If you are a CFO, like me, we spend a good chunk of our time working with our teams to ensure risk in the form of tax, treasury, internal controls and integrity of financial reporting is mitigated. Sometimes there’s a niggling risk worry that will cause us to wake up in a cold sweat— but we are all trained to deal with these ‘known knowns’.
It’s what we do.
We also spend evenings and weekends on forecasting, guidance, squeezing costs and appraisal of investment opportunities to boost the top or bottom lines. All of this is necessary and our stakeholders look to us to get it right as custodians of the assets of our organizations. The risk of getting these things wrong causes us, as professionals, sleepless nights, but unless we get them catastrophically wrong it mostly causes nothing more than a ripple in the organization that is easily recovered. This is where we spend the vast majority of our time.
However, there is a new, constantly mutating threat lurking in the shadows and as a CFO community, I do not think that we have yet fully grasped the role we could, and should, play in mitigating against it. If we are serious about being the custodians of our organization’s assets then we need to take our heads out of the sand. We are doing some things to counteract this new threat but not nearly enough. Yet.
All organizations are now digital. Our IT infrastructure, applications, and data are the nerve center of any organization and without it, the business simply ceases to operate. Serious outages caused by attacks on the nerve center wreak a level of havoc which is difficult to imagine happening if we get things wrong in other areas that we spend most of our time managing. Think about the recent hits to that nerve center that has had some very high profile casualties: Equifax, Maersk, NHS, WPP, Mondelez, Deutsche Post; and those are just the ones we know about! The cost in terms of the lost market cap, cost of the clean-up, reputational damage and regulatory fines is almost incalculable.

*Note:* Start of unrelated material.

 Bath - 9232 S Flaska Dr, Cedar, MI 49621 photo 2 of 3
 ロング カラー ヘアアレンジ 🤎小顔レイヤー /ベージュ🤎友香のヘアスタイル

This new risk is not going away; it is only going to get worse.
We dedicate our time ensuring we have the right internal controls to prevent a fraud which might, at worst, cost us a few hundred thousand. We feel proud when we manage to squeeze another 1% out of the cost base, reduce our effective tax rate by 2% or gain 3% percent on our stock price by under promising and over-delivering. These are all important, worthy things yet how much time do we spend on the biggest existential threat to our organizations where a bit of simple code developed by individuals intent on causing maximum havoc to an organization can bring down our nerve center and therefore our entire organizations in a matter of minutes. The potential cost and loss of assets dwarfs almost any other risk event, but how much time do we spend on it?
Pretending that ‘it will never happen to us’ is being the Ostrich CFO. IT may not report to the CFO (although often it does). The CFO will probably spend an hour or more at Board meetings explaining, in detail, the financial performance and metrics of the business. Could any of us talk for an hour, in detail, about what we are doing to secure organizations against a catastrophic breach of the nerve center that could bring the business to an abrupt halt?
The CFO role is always evolving and, if we are serious about being custodians of our organizations, it is time to add another string to our bow. We don’t need to be technology experts but asking simple questions like “are we up to date and patched with our software” will go a long way – I guarantee you will be worried at the answer, and if you are not, I suspect you are not getting a straight answer.
The recent WannaCry and Petya attacks could have been avoided in any organization whose software was current. The attack on Maersk cost it $300m, even before taking into account longer-term reputational damage. They could have been current for a tiny fraction of that amount, but who was asking the question?
Our natural skepticism and analytical skills position us perfectly to ask searching questions and our position at the Boardroom table provides the platform to ensure these issues are taken seriously and are properly funded, although it is not expensive to stay current and approving funding for the latest fancy cybersecurity tool might feel like action but is useless if you have left the windows and doors open.
The role of CFO evolved and was enhanced after the financial crisis; it is time for us to evolve again to deal with this latest threat to our organization’s assets. Get current and #StayCurrent.